4. Voor de toepassing van het tweede lid wordt onder rijbewijs mede verstaan een rijbewijs afgegeven door het daartoe bevoegde gezag buiten Nederland, waarvan de houder in Nederland woonachtig is.
Artikel 132
1. Behoudens de bij algemene maatregel van bestuur vastgestelde uitzonderingen is diegene verplicht zijn medewerking te verlenen aan de opgelegde maatregel, die zich:
ingevolge artikel 131, eerste lid, aanhef en onderdeel a, dient te onderwerpen aan een educatieve maatregel ter bevordering van de rijvaardigheid of geschiktheid, of
ingevolge artikel 131, eerste lid, aanhef en onderdeel b, dient te onderwerpen aan een onderzoek naar de rijvaardigheid of geschiktheid.

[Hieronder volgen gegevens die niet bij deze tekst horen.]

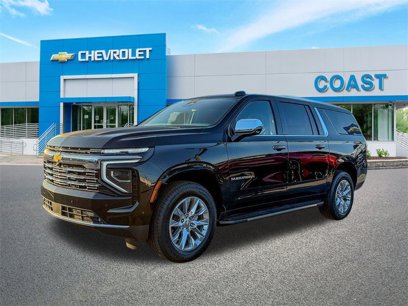 New 2025 Chevrolet Suburban Premier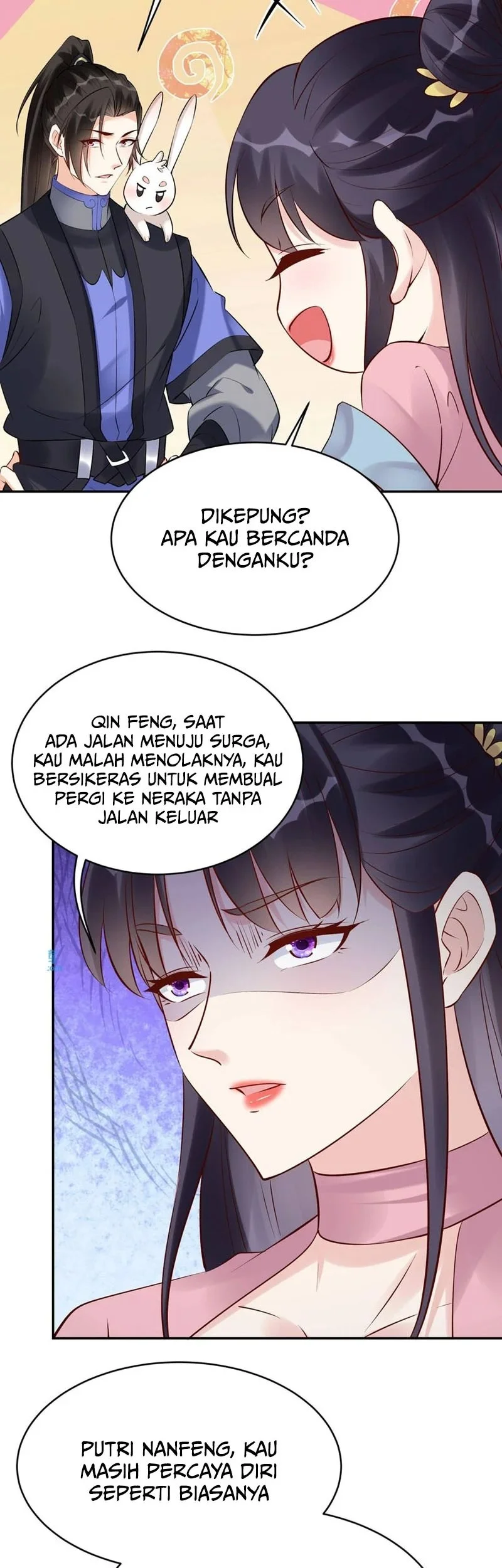 This Villain Has Some Conscience, but Not Much! chapter 148 halaman 15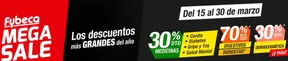 Catálogo Fybeca en Cuenca | Los descuentos mas GRANDES del ano | 2025-03-17T00:00:00.000Z - 2025-03-30T00:00:00.000Z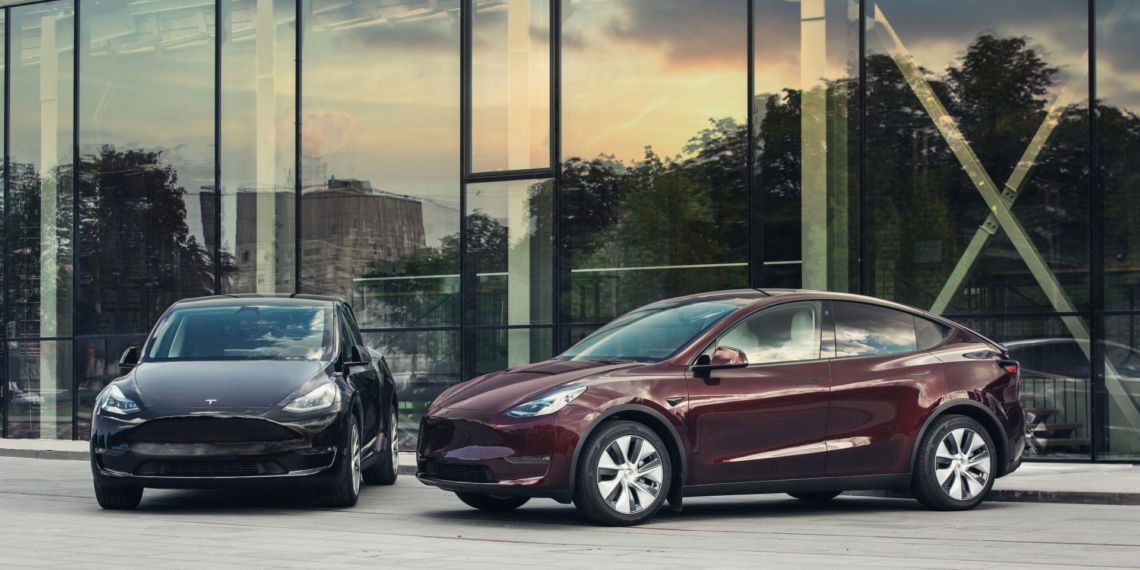 Tesla feiert 500.000 Model Y aus deutscher Produktion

2. Bij gebreke van de in het eerste lid bedoelde medewerking besluit het CBR onverwijld tot ongeldigverklaring van het rijbewijs van de houder. Het CBR bepaalt daarbij op welke categorie of categorieën van motorrijtuigen waarvoor het rijbewijs is afgegeven, de ongeldigverklaring betrekking heeft. Bij ministeriële regeling wordt vastgesteld in welke gevallen sprake is van het niet verlenen van medewerking. Als het niet verlenen van de vereiste medewerking wordt mede aangemerkt het niet voldoen van de kosten binnen de termijn of termijnen die is of zijn aangegeven bij het besluit waarbij de verplichting tot een van de hierna genoemde maatregelen is opgelegd, of het niet voldoen van de kosten op de in dat besluit aangegeven wijze, van:
de bij ministeriële regeling aangewezen educatieve maatregelen ter bevordering van de rijvaardigheid of geschiktheid, of
het onderzoek naar de rijvaardigheid of geschiktheid, indien deze kosten op grond van artikel 133, vierde lid, voor rekening van betrokkene komen.
Regeling maatregelen rijvaardigheid en geschiktheid 2011
Artikel 11
1. Het CBR besluit tot oplegging van een educatieve maatregel alcohol en verkeer indien:
a. bij betrokkene een adem- of bloedalcoholgehalte is geconstateerd dat gelijk is aan of hoger is dan 435 µg/l, respectievelijk 1,0‰, maar lager is dan 785 µg/l, respectievelijk 1,8‰, of indien betrokkene heeft geweigerd mee te werken aan een onderzoek als bedoeld in artikel 8, tweede of derde lid, van de wet;
Artikel 12
Betrokkene komt niet in aanmerking voor de educatieve maatregel alcohol en verkeer indien:
f. het vermoeden bestaat dat er bij betrokkene sprake is van alcoholafhankelijkheid, of
Artikel 23
1. Het CBR besluit dat betrokkene zich dient te onderwerpen aan een onderzoek naar de geschiktheid, bedoeld in artikel 131, eerste lid, van de wet indien:
a. bij betrokkene een adem- of bloedalcoholgehalte is geconstateerd dat gelijk is aan of hoger is dan 785 µg/l, respectievelijk 1,8‰;
c. ten aanzien van betrokkene binnen een periode van vijf jaar tenminste drie maal proces-verbaal is opgemaakt op verdenking van overtreding van artikel 8, tweede, derde of vierde lid, van de wet, waarbij bij één van die verdenkingen een adem- of bloedalcoholgehalte is geconstateerd dat hoger is dan 220 µg/l, respectievelijk 0,5‰, dan wel 88 µg/l, respectievelijk 0,2‰ indien een van de feiten is begaan als beginnende bestuurder, of waarbij hij ten minste eenmaal heeft geweigerd mee te werken aan een onderzoek als bedoeld in dat artikel;
e. betrokkene op grond van artikel 12 niet in aanmerking komt voor een educatieve maatregel alcohol en verkeer;

Voetnoten

1.ABRvS 9 februari 2022, ECLI:NL:RVS:2022:415, r.o. 6.2.